▶ **WHAT IS BEING ASKED**:
An exact copy of every line from the one holding "Metal Containers" to the end of the entries below is required; leave the pictures out.

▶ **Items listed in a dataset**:
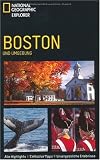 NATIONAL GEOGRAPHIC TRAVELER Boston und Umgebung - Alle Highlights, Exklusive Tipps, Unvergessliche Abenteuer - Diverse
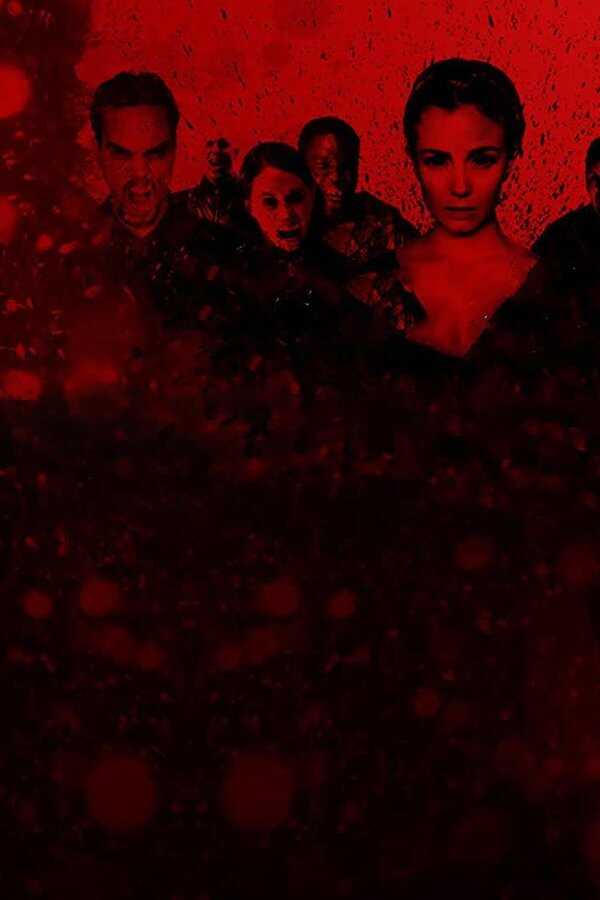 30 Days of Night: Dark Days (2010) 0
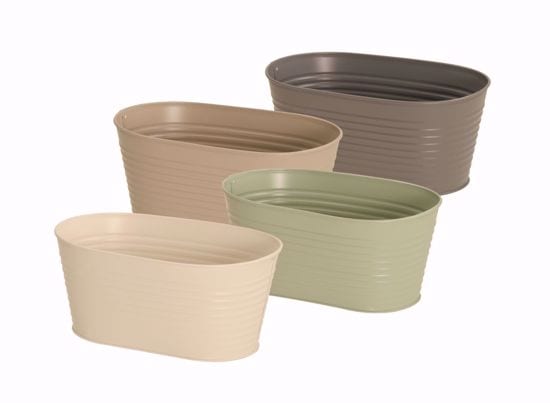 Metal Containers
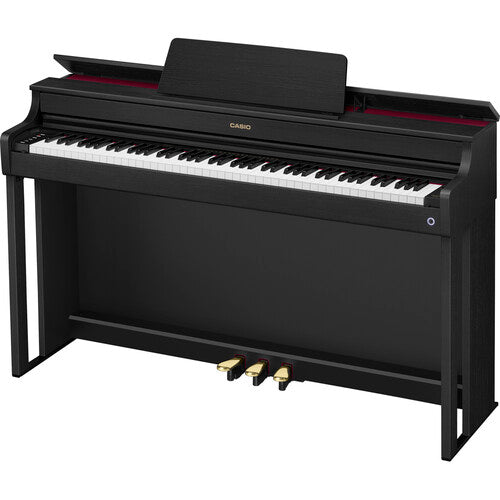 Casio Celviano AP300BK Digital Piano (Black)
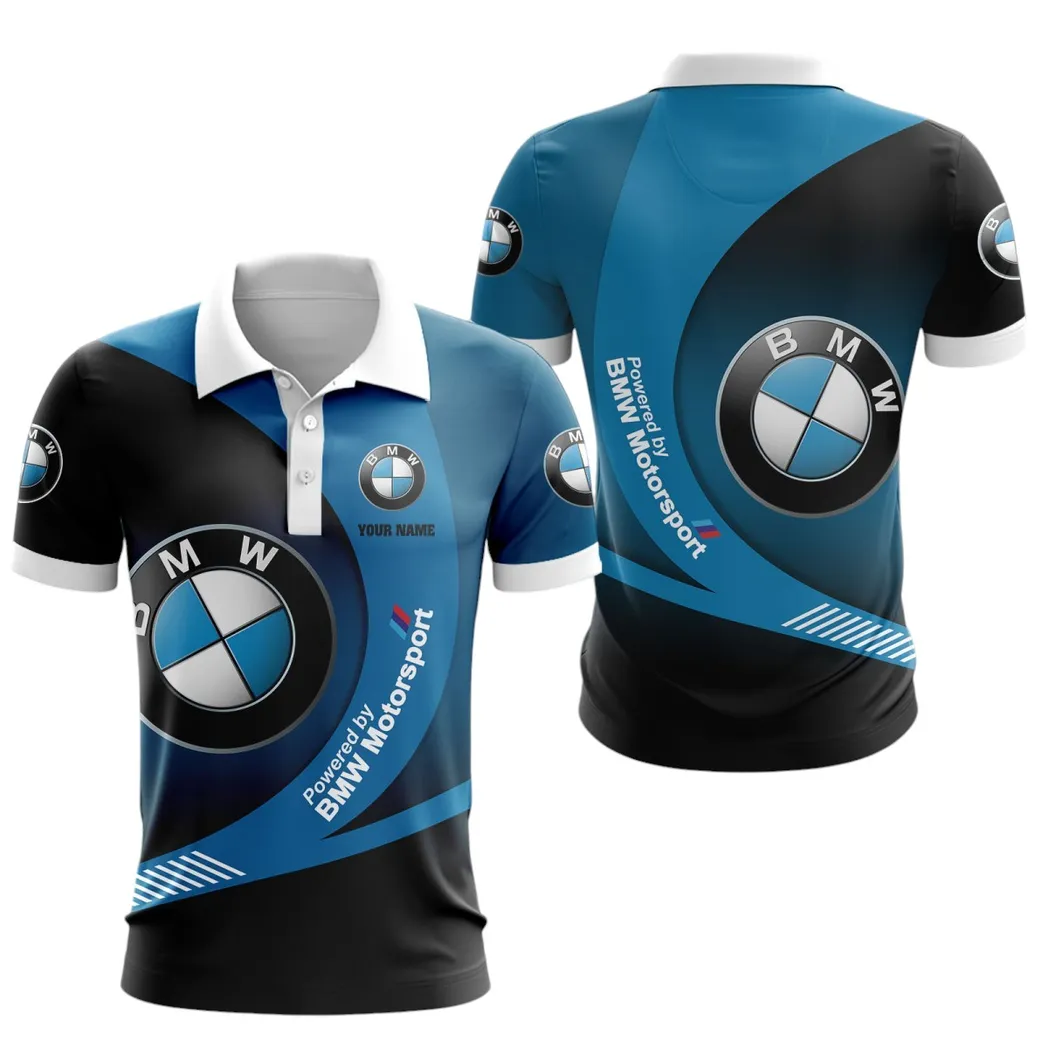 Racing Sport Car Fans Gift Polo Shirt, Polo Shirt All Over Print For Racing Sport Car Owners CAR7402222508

▶ **RESULT OF THE EXERCISE**:
 Metal Containers
 Casio Celviano AP300BK Digital Piano (Black)
 Racing Sport Car Fans Gift Polo Shirt, Polo Shirt All Over Print For Racing Sport Car Owners CAR7402222508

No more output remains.